The response of course is that his purchase was legal because the laws are so lax. In other places with other laws, that purchase would have been illegal.
The defense of the current law is the Second Amendment, which the gunslingers interpret as absolute (except of course for that pesky preamble about a well-regulated militia). The carnage, to use the Steve Bannon - Donald Trump turn of phrase, is the price we pay for our liberty and freedom.
Here is what Megan McCardle, a thoughtful and reality-based conservative, said in a podcast discussion a day or two after the Atlanta shootings:
As with any other civil liberty, curtailing [Second Amendment rights] has costs as well as benefits, and those have to be weighed. I think that I would place a different weight on the liberty than [gun-restricting liberals] would.The killer walked into a gun store and walked out a few minutes later with a 9 mm gun. So McCardle is speaking for those who weigh the killer’s convenience in buying a very deadly weapon against the lives of his victims, and her scale tips in favor of the killer.

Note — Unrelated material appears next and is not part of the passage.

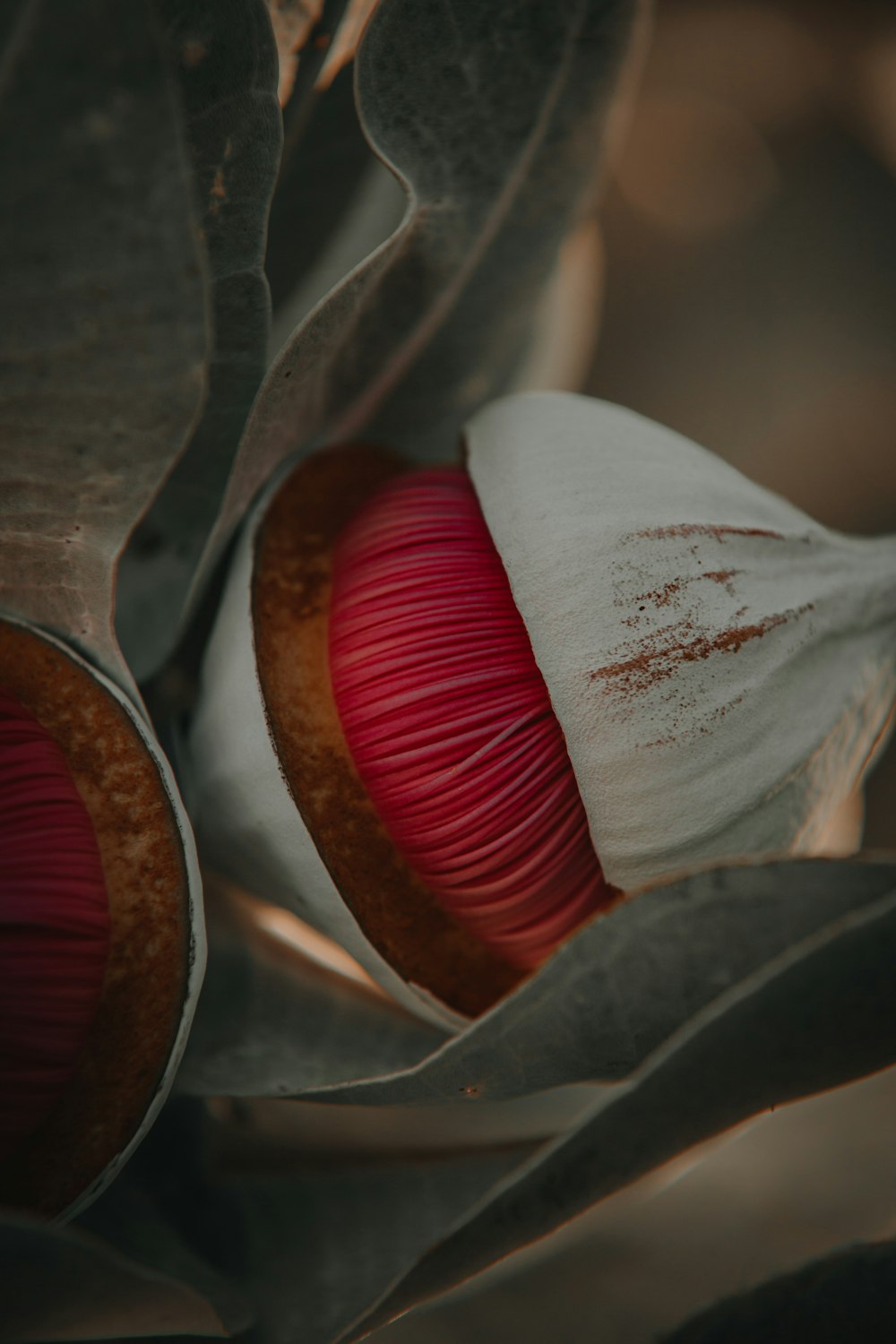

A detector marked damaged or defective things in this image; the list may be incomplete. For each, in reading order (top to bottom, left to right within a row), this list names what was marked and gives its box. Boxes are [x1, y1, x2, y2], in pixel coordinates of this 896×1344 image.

brown rust stain [0, 620, 189, 1219]
brown rust stain [253, 448, 523, 1018]
brown rust stain [591, 606, 817, 699]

So here’s the question for her and all those others who talk about “the price we pay for our liberty.” Is there any “price” that’s high enough to warrant restricting guns?

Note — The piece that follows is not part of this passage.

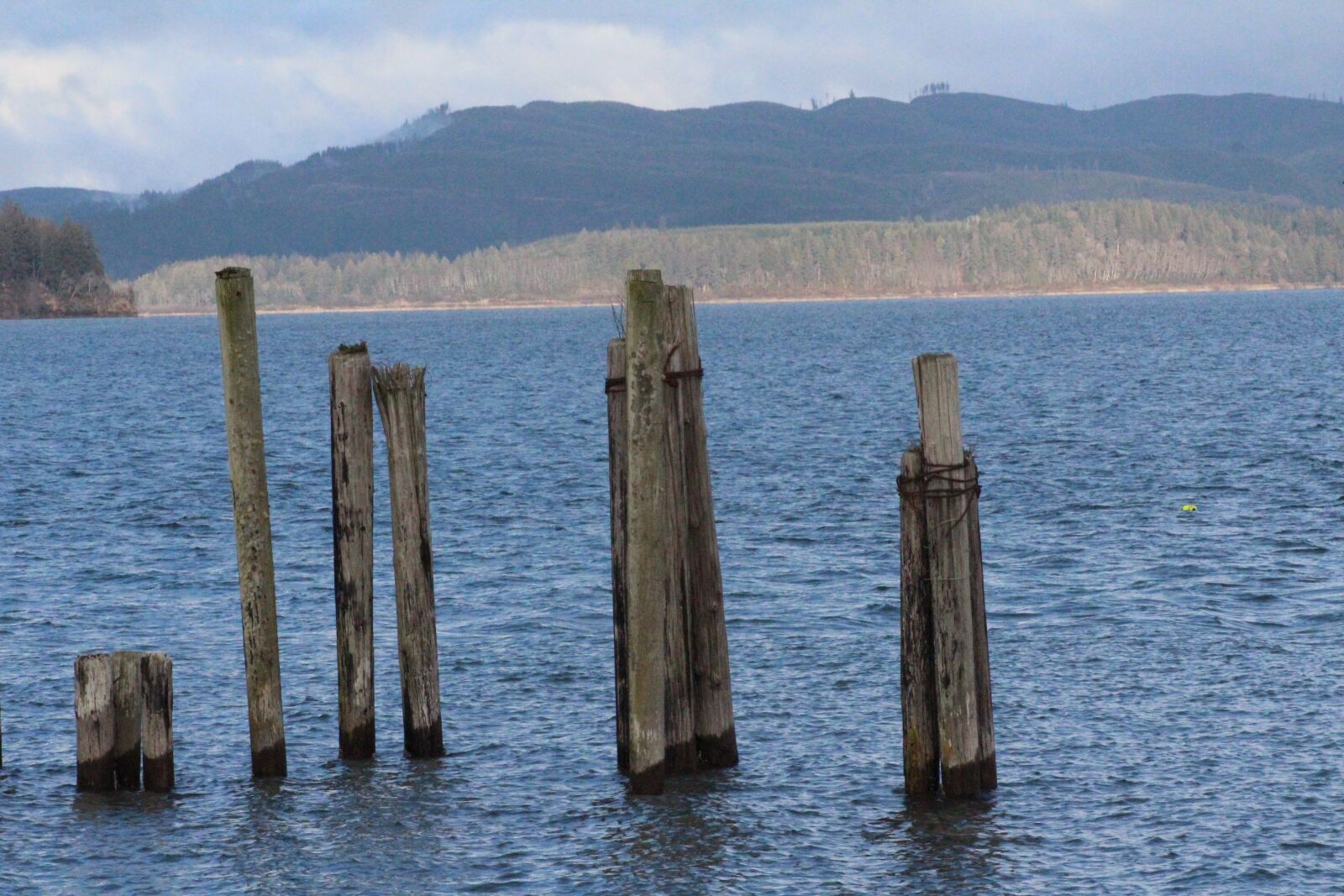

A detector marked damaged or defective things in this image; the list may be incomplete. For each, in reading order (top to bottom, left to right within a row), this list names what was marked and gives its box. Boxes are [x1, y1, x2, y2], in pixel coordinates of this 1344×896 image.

- the eight killed in Atlanta– pennies
- the 20 children slaughtered in Sandy Hook – what a shame, still a bargain
- the 49 killed in the Pulse nightclub massacre – cheap
- the 60 dead, 400 wounded, and another 400 injured in the panic in the Las Vegas shooting – still a small price to pay for a big liberty.
These are just the mass shooting, the headline grabbers. They are far outnumbered by shootings with only one or two victims, shootings often done with guns that were bought illegally. Our gun laws, such as they are, make buying those guns about as easy as it was to buy marijuana back when that was illegal.
The NRA answer is obviously that no “price” — no number of bullet-ridden bodies — outweighs the right of anybody to buy any gun. But what about less doctrinaire conservatives like McCardle. She usually takes an economist-like approach, weighing costs and benefits. So is there any price she would find too high? If so, what is it?